Speaking on Channel 9’s Sports Sunday program, Ellis said there are deeper issues at play other than a simple “boys will be boys” mentality.

“I’m pleased to hear that the leadership team has got on top of this but the thing that bothers me about this is these sorts of situations … they’re not about sex, they’re often about power,” Ellis said.

“You look at Mabior Chol, he’s a junior player in that team. What is it saying about the power balance within that team?

“You can’t get away from the fact that in this case it’s a couple of white men doing something to a black man. So it brings in that racial aspect of things.

“There’s a racial element to this and I don’t know if that has been appropriately addressed.”

Former AFL player Tony Armstrong said he sympathised with the players because they weren’t trying to do the wrong thing, but was strong in saying that type of behaviour needs to be stamped out.

“Obviously it’s such a bad look and it’s juvenile, it sets the wrong example,” Armstrong said on ABC’s Offsiders. “It’s not good and we need to get rid of it out of the game.

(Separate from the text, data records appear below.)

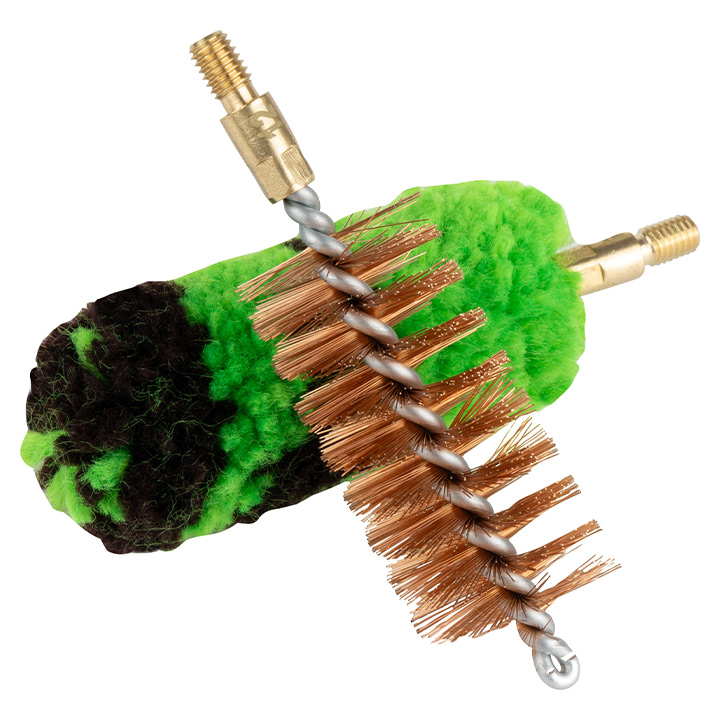 Jack Pyke 410 Shotgun Cleaning Kit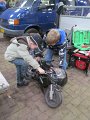 IMG_8782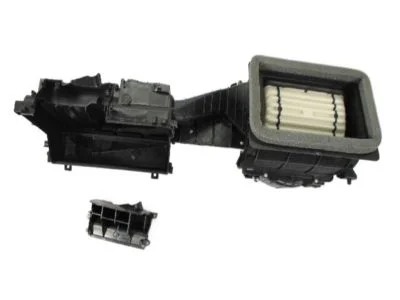 moparpartsgiant3-4015167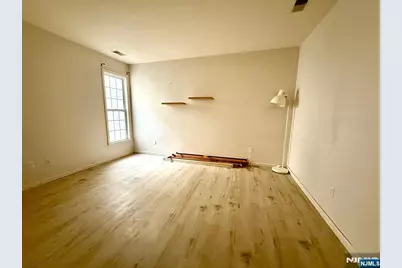 200 Dey Street 258 #258, Harrison, NJ 07029 - Photo 11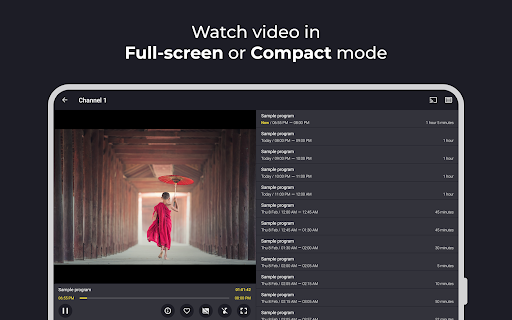 Logo https://play-lh.googleusercontent.com/fLfKh-3PWwVAdnRowOMbISM6OaYiZnhog4n720oDnT5zlixv7hHfaoHo5mAwWNxprA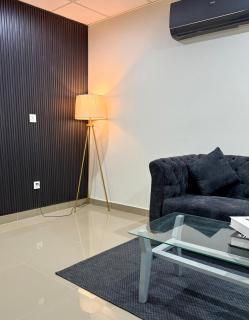 1 BHK Luxury Apartment Lahore - Lahore - 1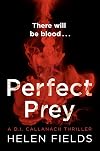 Perfect Prey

“They (the players) would just be trying to make their teammate feel awkward in front of the camera. They are just trying to, I think, have a laugh.”

TIGERS COACH SPEAKS OUT

Richmond cut Damien Hardwick’s press conference short during the week when Channel 10 journalist Hugh Riminton questioned him about the changeroom incidents, but the coach was more open about his club’s issue before and after the game against Port Adelaide.

Speaking to Fox Footy ahead of the opening bounce, Hardwick said the club had actually addressed the matter internally before it was raised publicly.

“We admit it’s not a great look for the game. We were disappointed, and the fact of the matter is we spoke about it two days earlier, so we thought we’d nipped it in the bud,” Hardwick said.

“We condemn the behaviour obviously but support the individual — it’s all about education from our point of view and it’s in the eye of the beholder. We’ll continue to educate our players and continue to learn from it.

“We don’t think it’s overblown. The reality is, it’s a situation that doesn’t look great, we understand it.

“We’re here to set an example and we dealt with it a couple of days ago as we spoke about. Our players fully understand it shouldn’t happen and it won’t happen again.

“It’s all an educational piece now, it’s something that’s prevalent in society and we need to make sure we set a really good example.”

The Tigers coach was asked about it again in his post-match press conference, and said he never contemplated standing down the players involved.

“We’ve dealt with that, we’ve moved on,” Hardwick said. “It’s more about education. At the end of the day the guys made a mistake. They’re incredibly apologetic about it.

“Mabior took no offence to it. It doesn’t make the action right, we understand that. Our players won’t do it again.

“We had some conversations about it. The look for people is really poor, the action is poor and we’ll learn from it.

“Most importantly, hopefully others learn from it too.”

AFL’S FULL STATEMENT

“The actions of players touching several teammates inappropriately during post game celebrations and/or during club theme songs is not in keeping with either club, community or AFL expectations.

“The behaviour is inappropriate, unacceptable and juvenile. AFL players are professional athletes and set the example for the hundreds of thousands of kids playing football across the country.

“It is the responsibility of each club and the players themselves to ensure this inappropriate behaviour is not repeated.”